Problem description: With the pictures left out, restate exactly the part below that opens with the line containing "Augusta Sportswear Girls' Wayfarer Shorts" and closes with the line containing "Wilmax Stainless Steel Vacuum Jug 1.5L".

Image-caption web data
-=-=-

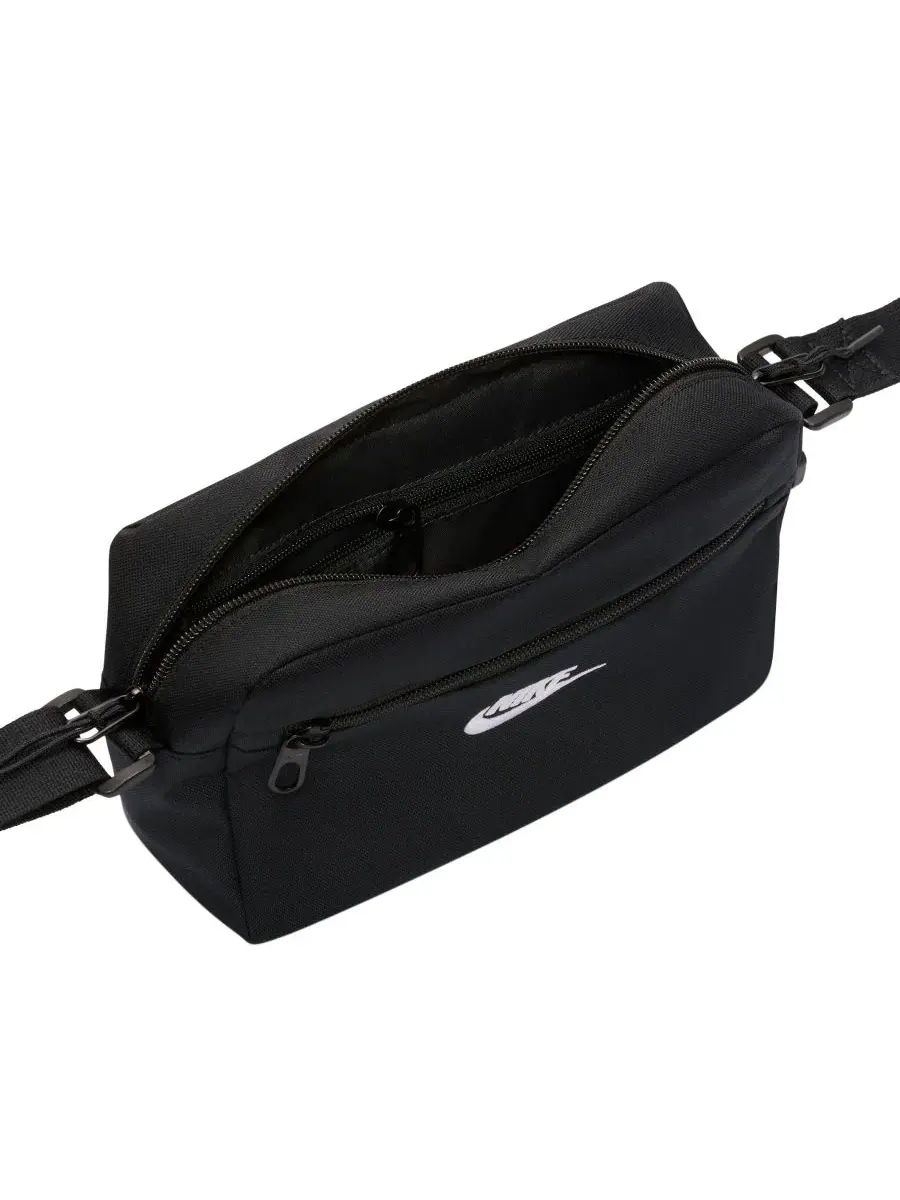 Сумка через плечо Heritage Crossbody Nike — 4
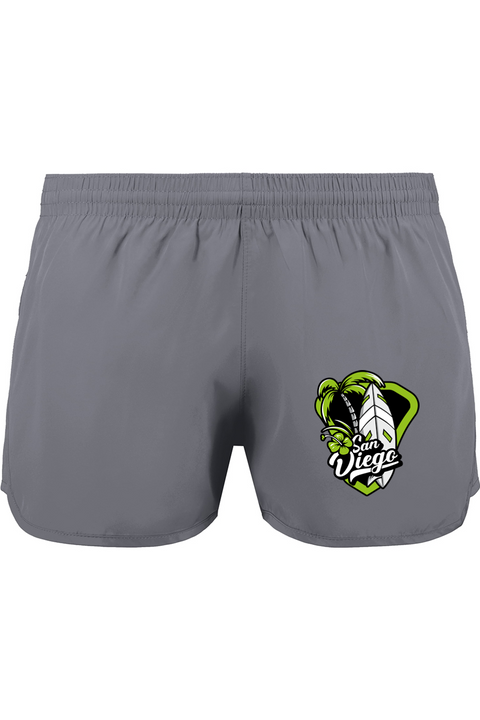 Augusta Sportswear Girls' Wayfarer Shorts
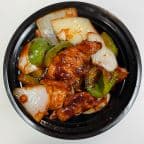 Best Pepper Steak in Manassas, VA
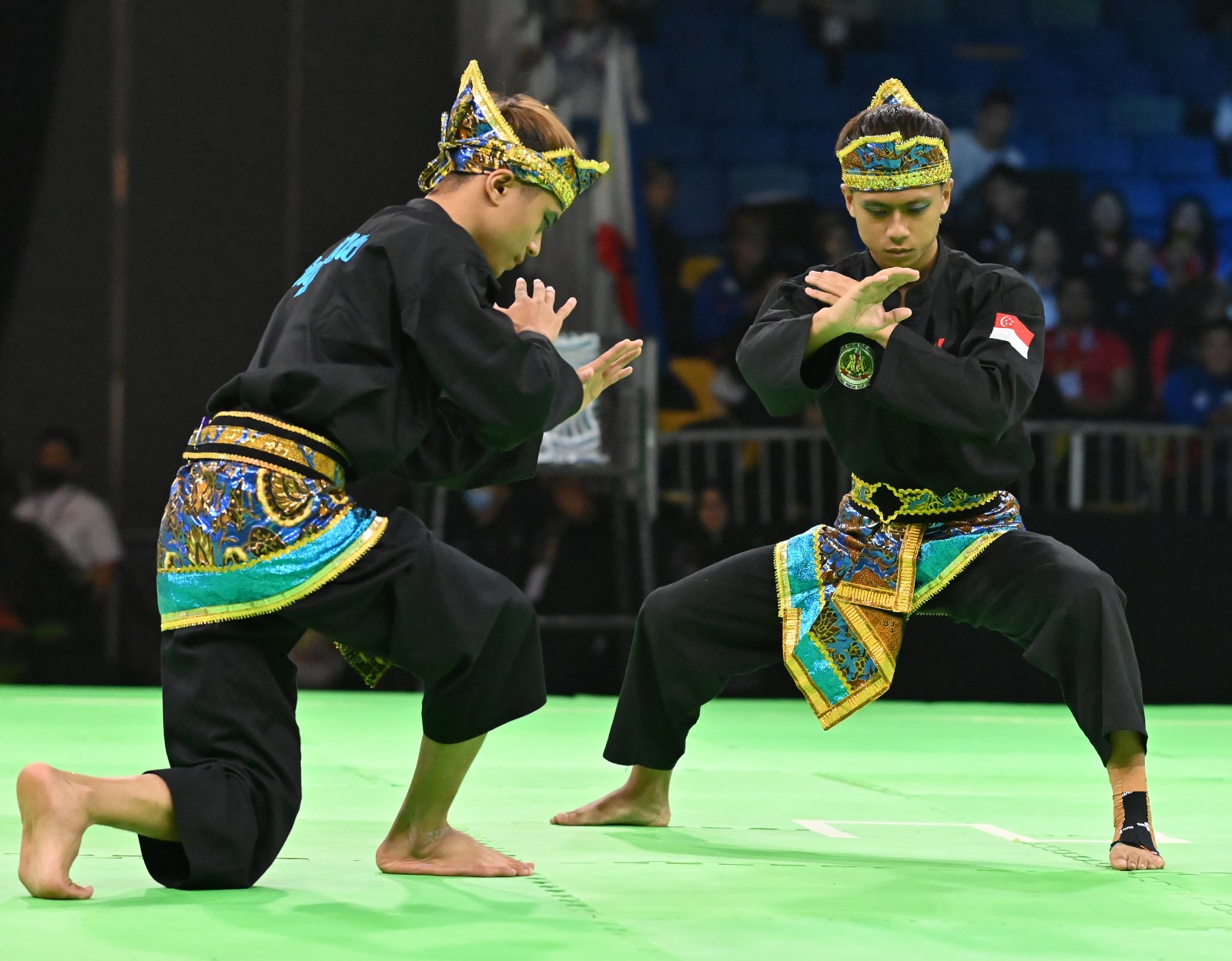 Silat-Cultural-Open-House-2023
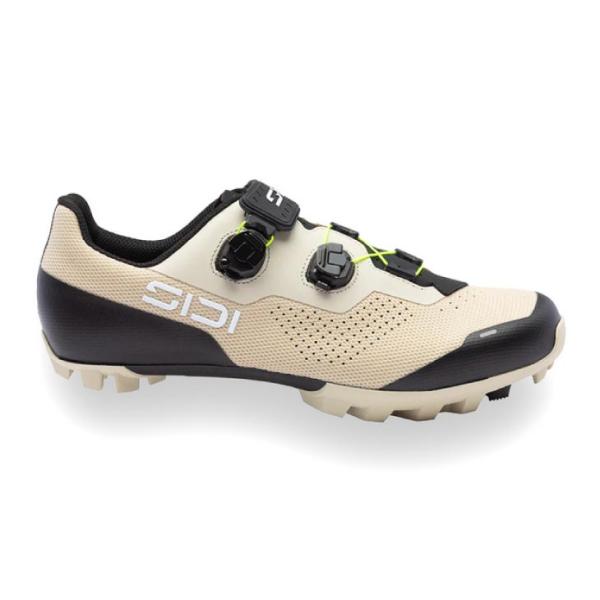 SIDI シディ 2026 DOMINATOR X ドミネーターX サンド ミレニアムフィット MT...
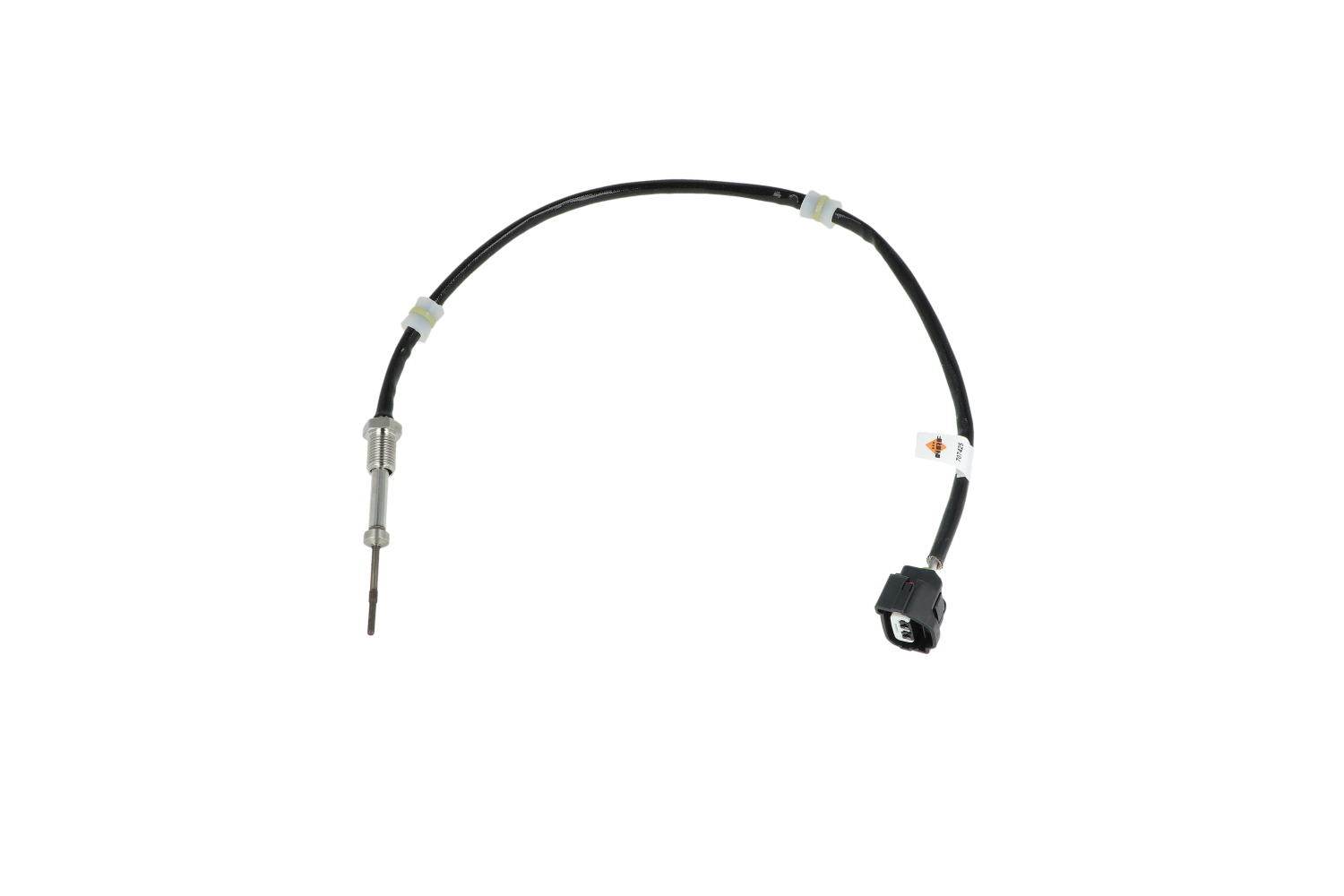 Įsigykite NRF Jutiklis, išmetamųjų dujų temperatūra Prekės Nr.: 707425 už žemiausią 54,84 € kainą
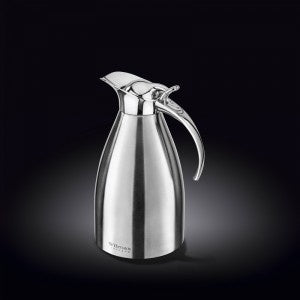 Wilmax Stainless Steel Vacuum Jug 1.5L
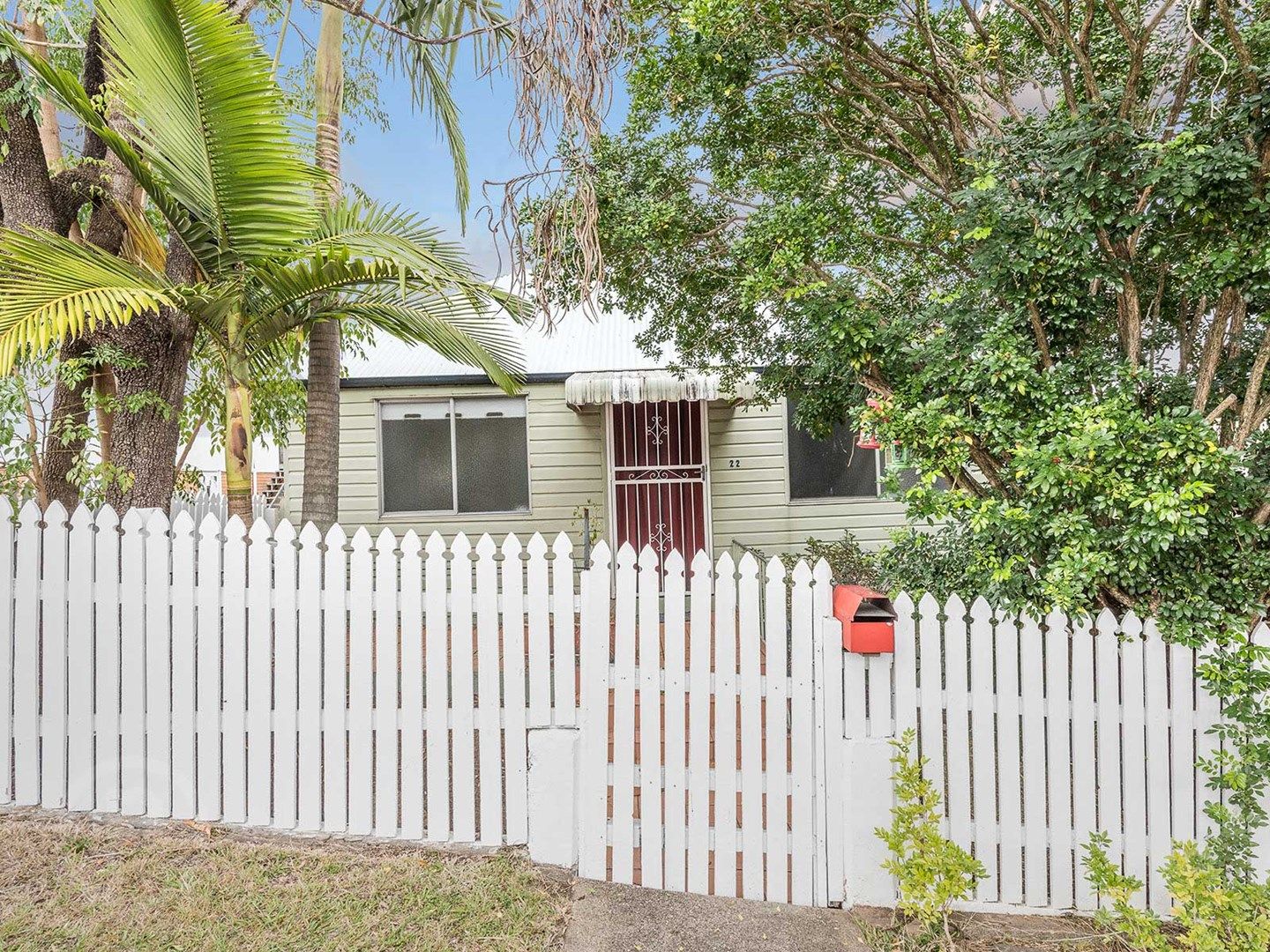 22 Beard Street, Auchenflower QLD 4066, Image 0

-=-=-

Problem solution:
 Augusta Sportswear Girls' Wayfarer Shorts
 Best Pepper Steak in Manassas, VA
 Silat-Cultural-Open-House-2023
 SIDI シディ 2026 DOMINATOR X ドミネーターX サンド ミレニアムフィット MT...
 Įsigykite NRF Jutiklis, išmetamųjų dujų temperatūra Prekės Nr.: 707425 už žemiausią 54,84 € kainą
 Wilmax Stainless Steel Vacuum Jug 1.5L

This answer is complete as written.